For suspected cSCCs, no single optimal biopsy technique is recommended, but repeat biopsy may be considered if the initial biopsy is insufficient for diagnosis.2 The guidelines further recommend an extensive list of elements to be included in the final pathology report (eg, lesion size, immunosuppression, depth of invasion, degree of differentiation). There is no universally recognized stratification for localized cSCC; therefore, the AAD guidelines refer to the framework provided by the NCCN. Also mentioned is the recent release of the American Joint Committee on Cancer’s staging manual,8 which includes the management of cSCC in conjunction with all SCCs of the head and neck.

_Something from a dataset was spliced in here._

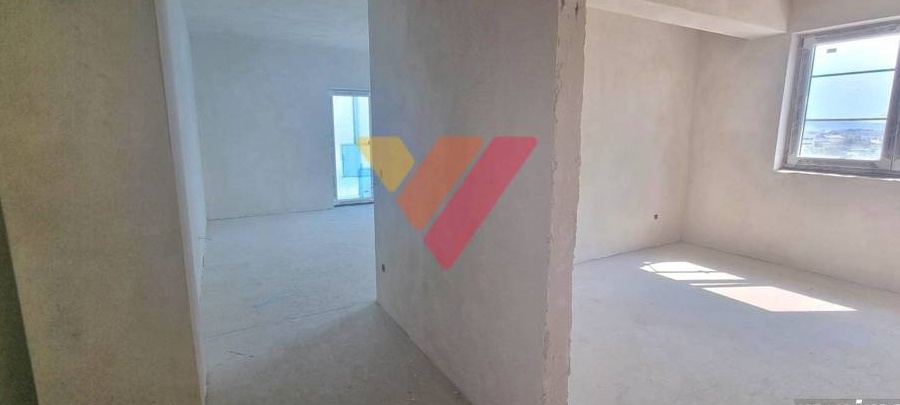 Apartament 3 camere, Etaj 2 - Zona de Vest - Turnisor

The Brigham and Women’s system9 was considered as an alternative classification system; however, the NCCN guidelines were chosen because they primarily provide clinical guidance for treatment of cSCC rather than provide accurate prognostication or outcome assessment.

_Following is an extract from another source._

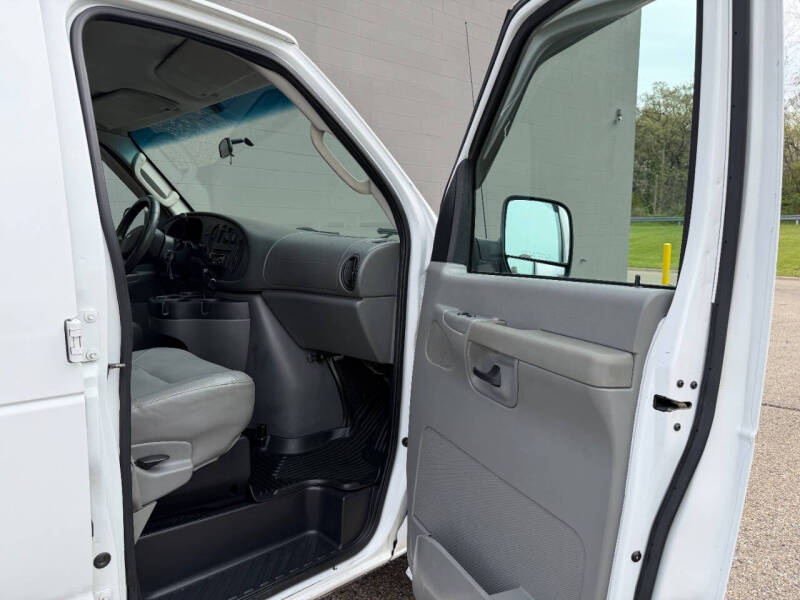 2007 Ford E-Series E-150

Considerations for surgical treatment of cSCC are similar to those for BCC.2 In low-risk tumors, surgical excision with 4- to 6-mm margins to the midsubcutaneous fat or curettage with electrodessication may be considered. Mohs micrographic surgery or standard excision with attention to margin control may be considered for high-risk tumors. Nonsurgical therapies generally are not recommended as a first-line treatment, particularly in cSCC, due to possible recurrence and metastasis. When nonsurgical therapies are preferred, options may include cryosurgery or radiation therapy, with the understanding that cure rates may be lower than with surgical options. Topical therapy with imiquimod or 5-fluorouracil as well as photodynamic or laser therapy are not recommended for cSCCs.2

For patients with metastatic cSCC or locally advanced disease, multidisciplinary consultation is recommended.2 In cSCCs with regional lymph node metastases, the recommended approach includes surgical resection with possible adjuvant radiation therapy and/or systemic therapy. For inoperable disease, combination chemoradiation may be considered. Epidermal growth factor inhibitors and cisplatin may be considered in metastatic disease, although there are limited data to support their efficacy. As with BCC, all patients with cSCCs should receive supportive and palliative care to optimize quality of life.2

Recommendations for follow-up after the first diagnosis of cSCC are the same as those for BCC.2 Additionally, acitretin is the only therapy that may be beneficial in the reduction of recurrent skin cancer in patients who are solid-organ transplant recipients.